Comme son frère. Maudit soit Cedric, l'enfant parfait, le héros, le modèle, l'aîné, le douloureusement mort frère qu'il n'avait jamais connu que par le prisme des paroles de leur père.

C'était peut-être la seule chose qu'ils avaient en commun. Un même père. Un père fier, puis désespéré, un père obnubilé par la réussite de son premier enfant puis détruit par sa mort, un père dévoré par le deuil, se laissant aller à une vie déséquilibrée en harcelant sans cesse son unique fils restant.

Lui reprochant de ne pas égaler le premier, le traînant dans une école où il ne voulait pas aller, réduisant ses espoirs et ses rêves à néant. Lui donnant une éducation si stricte, si exempte d'amour et d'attention que l'enfant en question ne put que grandir en haïssant profondément ce frère aîné dont il ne partageait seulement la moitié du sang et aucun véritable souvenir. Ce sang boueux et sale qui l'aveuglait désormais.

Evan n'était pas un héros, il n'était pas et ne serait jamais Cedric Diggory. Et c'est pour cette raison qu'il rattacha les dernières bribes de sa conscience à son corps et qu'il se releva. Le visage barbouillé de sang, il fit quelques pas en avant. Il n'était pas Cedric. Il n'allait pas mourir comme lui. Ce n'était ni un martyr ni quelqu'un de bon. Alors il ne mourrait pas par défaut sans pouvoir choisir le moment, il mourrait par volonté. Parce que c'était son choix.

Evan n'était rien d'autre qu'un gamin dévoré par la jalousie, la volonté d'obtenir ne serait-ce qu'une once de reconnaissance de son seul et unique père pour pouvoir ensuite lui recracher à la figure la haine qu'il entretenait à son égard.

« J'ai gagné ce pour quoi ton si précieux fils est mort, je suis plus fort que lui. J'existe. JE NE SUIS PAS LA PÂLE COPIE D'UN MORT ! »
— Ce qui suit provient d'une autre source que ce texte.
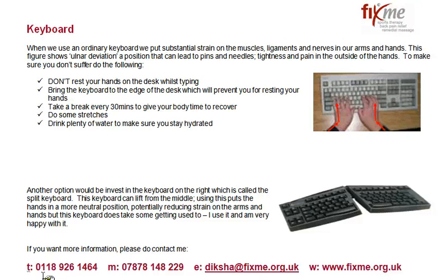Hi, I'm Diksha from FixMe. In this video I want to talk to you about how to use the keyboard safely when you're using your computer workstation.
Désirer la reconnaissance de quelqu'un qu'on hait était une véritable plaie qui faisait prendre des décisions inconsidérées. Comme celle qui s'apprêtait à faire aujourd'hui.

Ce devait être cette souffrance, cette haine qui dévorait ses entrailles, cette fureur qui l'habitait à chaque instant, cette marque affreuse qui déformait l'apparence de son cœur - qui le fit avancer. Titubant, il ne prit pas la peine ni d'essuyer son visage ni de regarder ses plaies.

Blessé ? Il l'était en permanence, que ce soit physique ou non ne changeait rien, la douleur était la même. Il avait déjà tellement mal.

Lorsqu'il fut sûr qu'il tiendrait à peu près debout, il ricana devant le monstre qui lui faisait face et il s'entendit émettre les paroles suivantes.

— Alors... tu ne termines pas ton repas ? Ce n'est pas très poli.

Il savait que ce seraient certainement les dernières paroles qu'il prononçait et il s'en fichait. Evan n'avait plus foi en la vie depuis quelques années et la mort ne l'effrayait pas plus que de voir le jour se lever demain.